**Your objective:** Skip the images; return every entry exactly.

**Given data:**
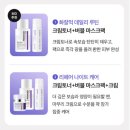 [김연쿵 공구]맥스클리닉 멜라토닌 토너 버블마스크팩 크림 내돈내산 3주 사용후기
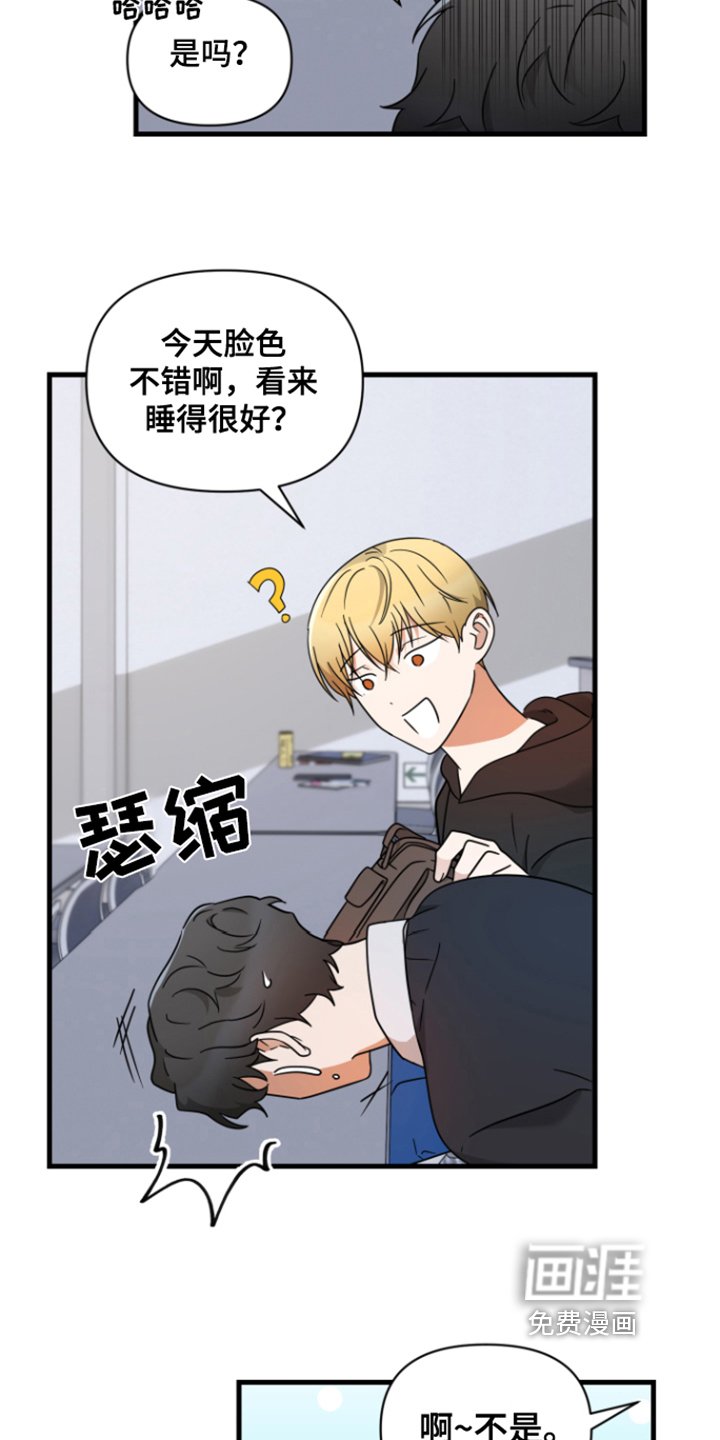 第5章：胡思乱想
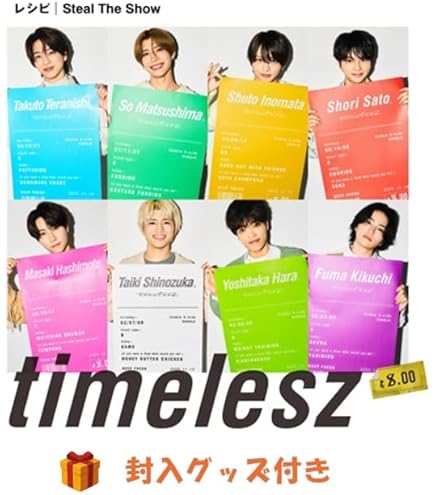 タイムレス　timelesz 2個セット Amazon.co.jp: 【 封入グッズ付き 】timelesz Steal The Show/レシピ
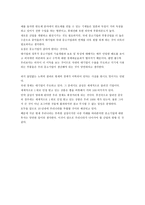 경쟁력 있는 산업과 나아가야 할 산업의 방향-5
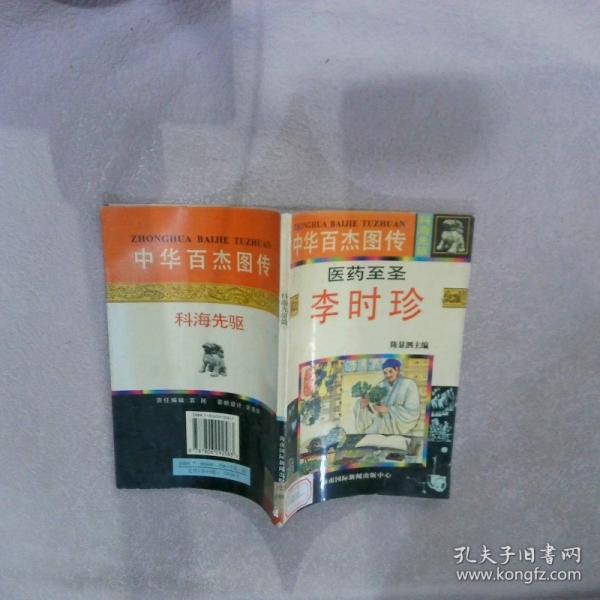 中华百杰图传.科海先驱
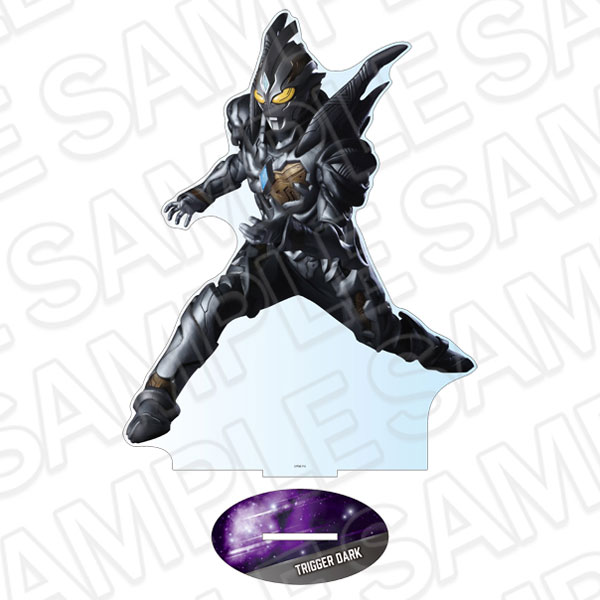 ウルトラマンシリーズ ウルトラBIGアクリルフィギュア トリガーダーク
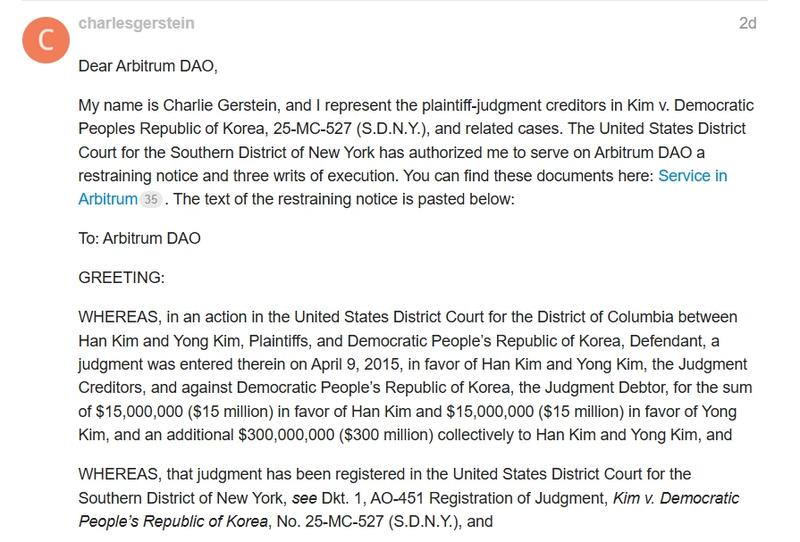 Charlie Gerstein restraining notice on Arbitrum DAO forum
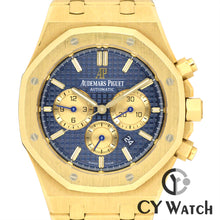 画像をギャラリービューアに読み込む, オーデマ・ピゲ  AUDEMARS PIGUET ロイヤル オーク クロノグラフ 26331BA.OO.1220BA.01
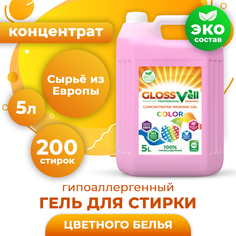 Гель для стирки Glossvell цветного белья 5 л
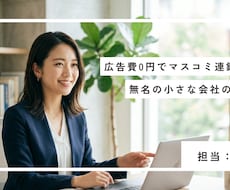メディア取材を呼び込むためのPR個別相談に乗ります 業界紙→全国紙→NHK。連鎖取材を生んだ手法を伝授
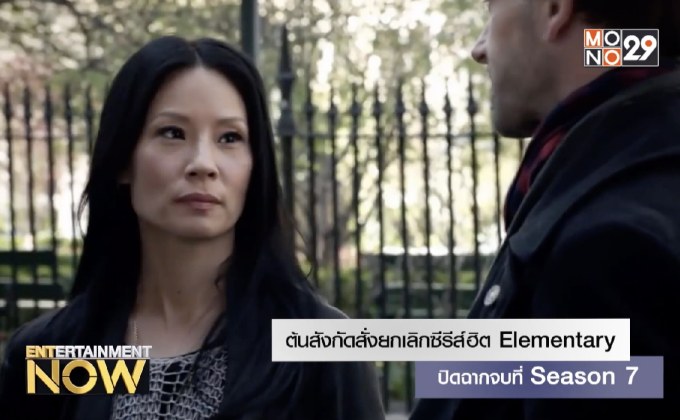 ต้นสังกัดสั่งยกเลิกซีรีส์ฮิต Elementary ปิดฉากจบที่ Season 7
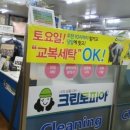극동세탁소 이미지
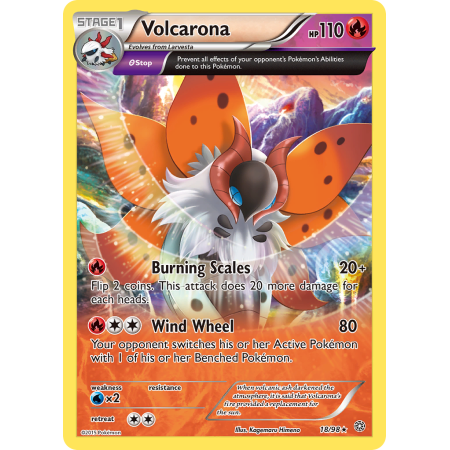 Volcarona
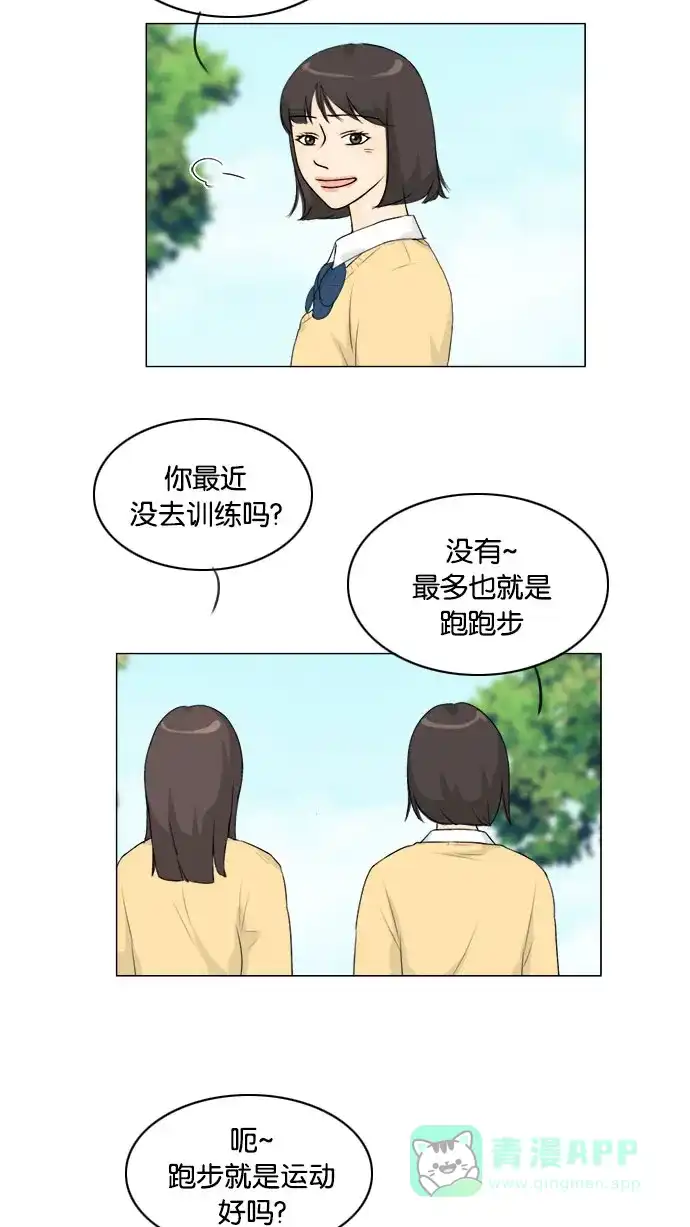 《鬼新娘》第123话 第29页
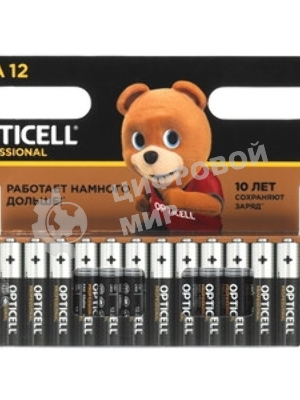 Батарея Opticell Simply 6050002 AAA (2шт) блистер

**Problem solution:**
 [김연쿵 공구]맥스클리닉 멜라토닌 토너 버블마스크팩 크림 내돈내산 3주 사용후기
 第5章：胡思乱想
 タイムレス　timelesz 2個セット Amazon.co.jp: 【 封入グッズ付き 】timelesz Steal The Show/レシピ
 경쟁력 있는 산업과 나아가야 할 산업의 방향-5
 中华百杰图传.科海先驱
 ウルトラマンシリーズ ウルトラBIGアクリルフィギュア トリガーダーク
 Charlie Gerstein restraining notice on Arbitrum DAO forum
 画像をギャラリービューアに読み込む, オーデマ・ピゲ  AUDEMARS PIGUET ロイヤル オーク クロノグラフ 26331BA.OO.1220BA.01
 Гель для стирки Glossvell цветного белья 5 л
メディア取材を呼び込むためのPR個別相談に乗ります 業界紙→全国紙→NHK。連鎖取材を生んだ手法を伝授
 ต้นสังกัดสั่งยกเลิกซีรีส์ฮิต Elementary ปิดฉากจบที่ Season 7
극동세탁소 이미지
 Volcarona
 《鬼新娘》第123话 第29页
 Батарея Opticell Simply 6050002 AAA (2шт) блистер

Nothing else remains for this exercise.